(RECORDED INFORMATION)
--------------------------------

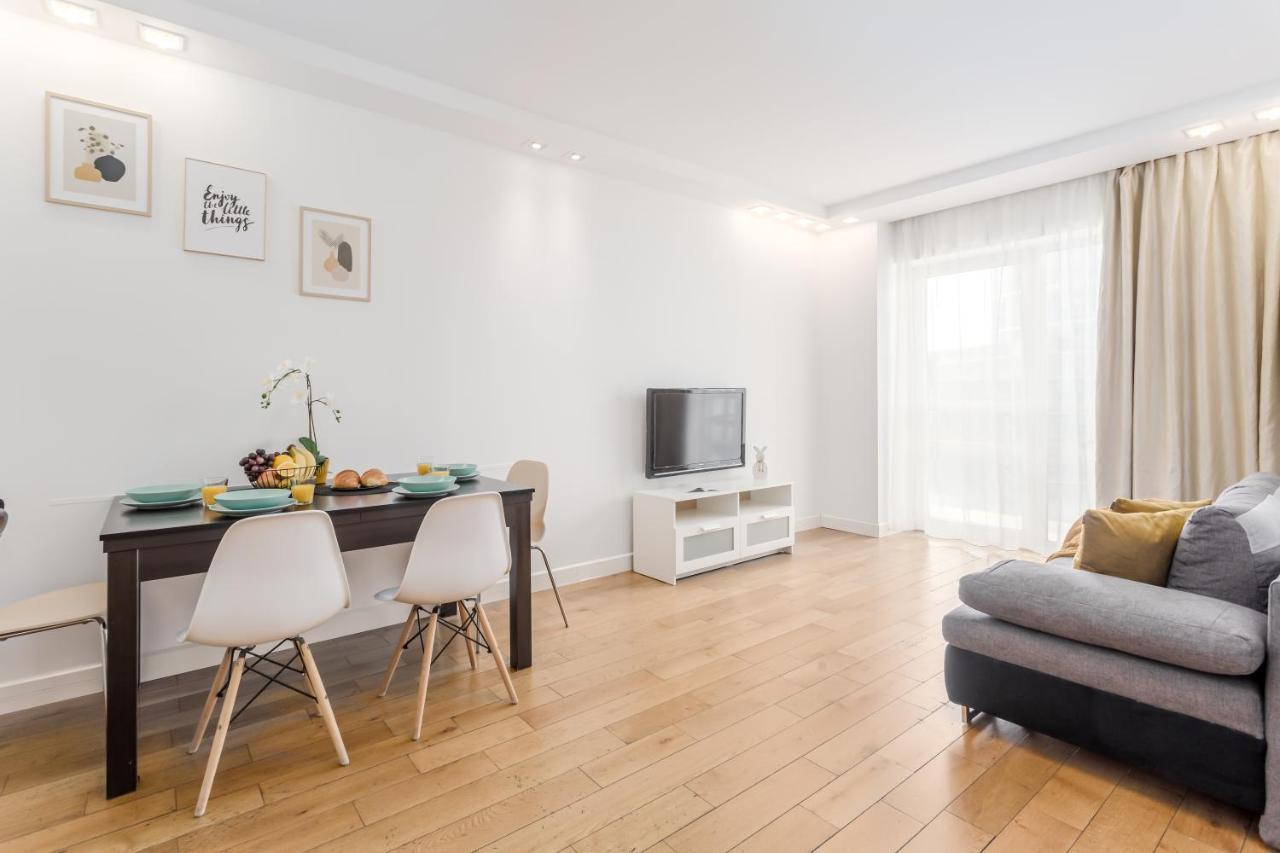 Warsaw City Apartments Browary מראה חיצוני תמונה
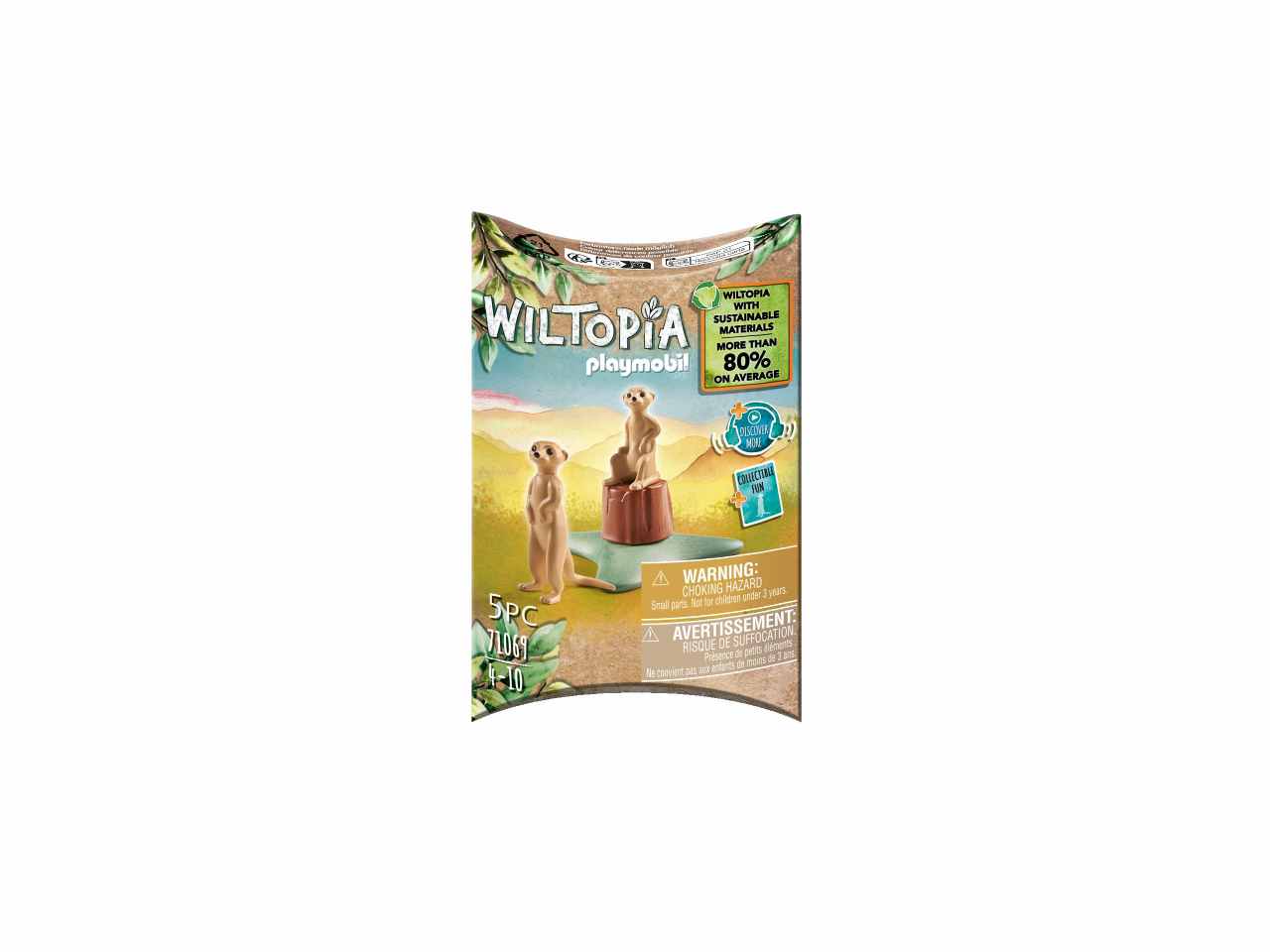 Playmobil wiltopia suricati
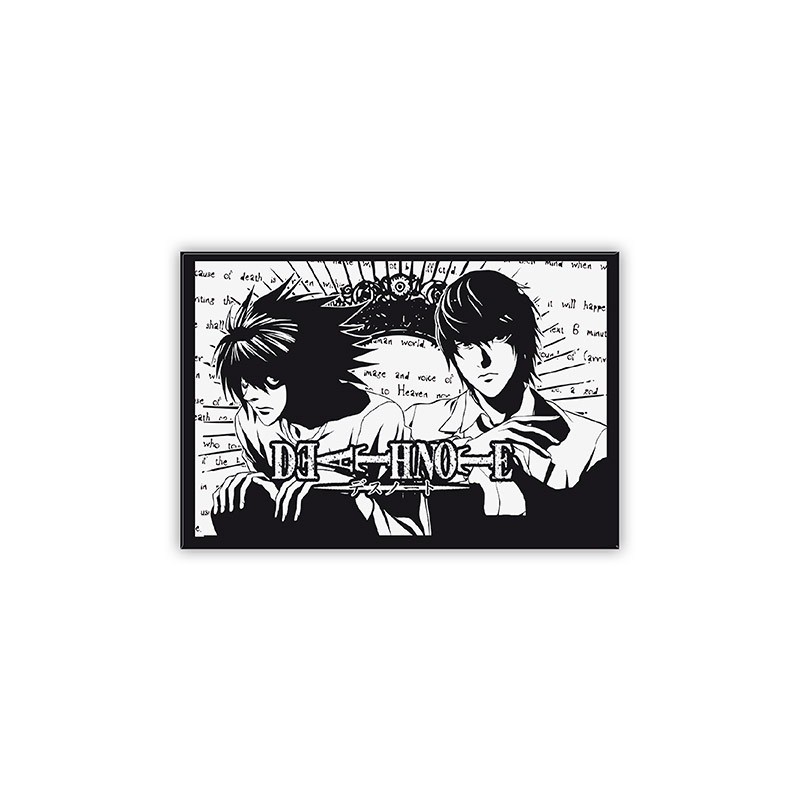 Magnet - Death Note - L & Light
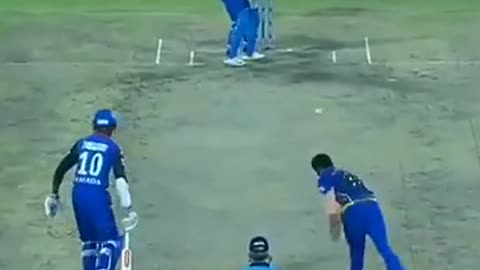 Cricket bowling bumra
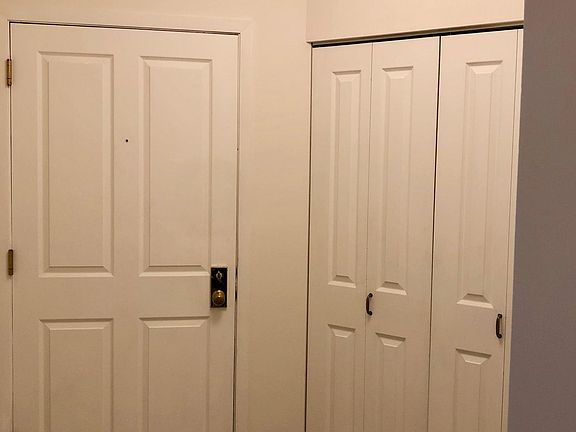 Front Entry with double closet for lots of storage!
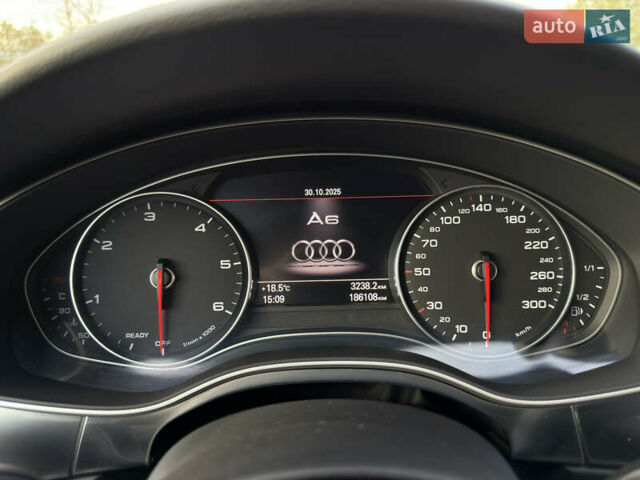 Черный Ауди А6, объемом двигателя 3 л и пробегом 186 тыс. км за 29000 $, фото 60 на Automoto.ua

--------------------------------

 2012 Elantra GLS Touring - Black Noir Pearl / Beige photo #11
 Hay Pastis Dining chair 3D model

--------------------------------

(TASK TO CARRY OUT) Reproduce word for word the material above, beginning with the line that contains "2012 Elantra GLS" and ending with the line that contains "Hay Pastis Dining chair 3D model".

(WRITTEN RESPONSE)
 2012 Elantra GLS Touring - Black Noir Pearl / Beige photo #11
 Hay Pastis Dining chair 3D model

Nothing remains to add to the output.